- [Exercise directions] Copy all lines below containing "Mercedes".
Material shown section start
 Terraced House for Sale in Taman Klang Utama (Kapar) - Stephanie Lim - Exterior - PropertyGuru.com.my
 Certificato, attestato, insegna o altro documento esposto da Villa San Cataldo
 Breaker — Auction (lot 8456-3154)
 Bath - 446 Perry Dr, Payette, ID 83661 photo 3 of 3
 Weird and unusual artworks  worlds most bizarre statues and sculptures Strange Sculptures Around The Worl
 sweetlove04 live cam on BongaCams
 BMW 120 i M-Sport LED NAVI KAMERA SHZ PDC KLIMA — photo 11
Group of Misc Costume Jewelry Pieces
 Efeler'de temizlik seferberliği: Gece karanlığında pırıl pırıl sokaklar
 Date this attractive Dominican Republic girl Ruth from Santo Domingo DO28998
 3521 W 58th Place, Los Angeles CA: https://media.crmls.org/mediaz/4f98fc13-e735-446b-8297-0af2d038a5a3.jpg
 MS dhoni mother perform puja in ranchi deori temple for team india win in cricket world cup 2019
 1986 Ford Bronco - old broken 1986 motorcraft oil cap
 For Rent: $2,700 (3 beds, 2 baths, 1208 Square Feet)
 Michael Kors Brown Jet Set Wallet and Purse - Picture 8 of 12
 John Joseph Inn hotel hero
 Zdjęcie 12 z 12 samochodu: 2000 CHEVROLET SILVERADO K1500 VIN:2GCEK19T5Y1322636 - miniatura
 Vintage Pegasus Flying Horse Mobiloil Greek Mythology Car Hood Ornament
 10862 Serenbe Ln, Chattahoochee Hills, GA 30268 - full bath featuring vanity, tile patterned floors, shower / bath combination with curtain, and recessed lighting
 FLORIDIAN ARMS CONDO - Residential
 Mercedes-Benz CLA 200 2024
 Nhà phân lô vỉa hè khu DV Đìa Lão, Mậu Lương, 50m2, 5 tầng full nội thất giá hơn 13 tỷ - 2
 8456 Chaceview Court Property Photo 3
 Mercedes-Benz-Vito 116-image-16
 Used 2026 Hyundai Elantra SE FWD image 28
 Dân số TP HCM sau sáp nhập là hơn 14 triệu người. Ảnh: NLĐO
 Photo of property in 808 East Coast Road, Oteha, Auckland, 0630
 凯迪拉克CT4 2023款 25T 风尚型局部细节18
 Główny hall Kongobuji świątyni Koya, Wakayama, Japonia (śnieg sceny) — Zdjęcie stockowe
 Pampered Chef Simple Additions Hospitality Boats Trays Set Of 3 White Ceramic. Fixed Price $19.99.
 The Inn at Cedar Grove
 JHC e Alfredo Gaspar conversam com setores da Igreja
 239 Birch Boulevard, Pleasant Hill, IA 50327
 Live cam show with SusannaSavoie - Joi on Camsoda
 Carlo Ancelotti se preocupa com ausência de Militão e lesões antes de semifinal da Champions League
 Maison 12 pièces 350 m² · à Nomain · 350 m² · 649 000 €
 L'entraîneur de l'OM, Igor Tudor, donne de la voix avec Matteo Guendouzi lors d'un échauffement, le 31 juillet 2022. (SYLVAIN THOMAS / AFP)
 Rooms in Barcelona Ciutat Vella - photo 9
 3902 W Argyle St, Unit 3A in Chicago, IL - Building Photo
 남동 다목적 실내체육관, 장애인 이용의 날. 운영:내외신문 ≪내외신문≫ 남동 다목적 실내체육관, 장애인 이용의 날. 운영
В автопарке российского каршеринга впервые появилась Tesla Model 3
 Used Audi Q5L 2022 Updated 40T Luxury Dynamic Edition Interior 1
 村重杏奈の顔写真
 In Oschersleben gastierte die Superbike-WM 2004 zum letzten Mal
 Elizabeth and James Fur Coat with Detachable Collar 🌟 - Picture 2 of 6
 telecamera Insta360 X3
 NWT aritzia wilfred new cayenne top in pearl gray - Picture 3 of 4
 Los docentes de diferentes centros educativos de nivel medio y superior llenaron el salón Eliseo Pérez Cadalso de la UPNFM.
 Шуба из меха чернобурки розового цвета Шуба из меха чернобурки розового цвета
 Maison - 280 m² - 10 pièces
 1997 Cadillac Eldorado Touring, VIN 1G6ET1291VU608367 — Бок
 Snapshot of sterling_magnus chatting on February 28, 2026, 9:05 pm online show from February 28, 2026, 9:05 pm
Material shown section end
- [Response to this task]
 Mercedes-Benz CLA 200 2024
 Mercedes-Benz-Vito 116-image-16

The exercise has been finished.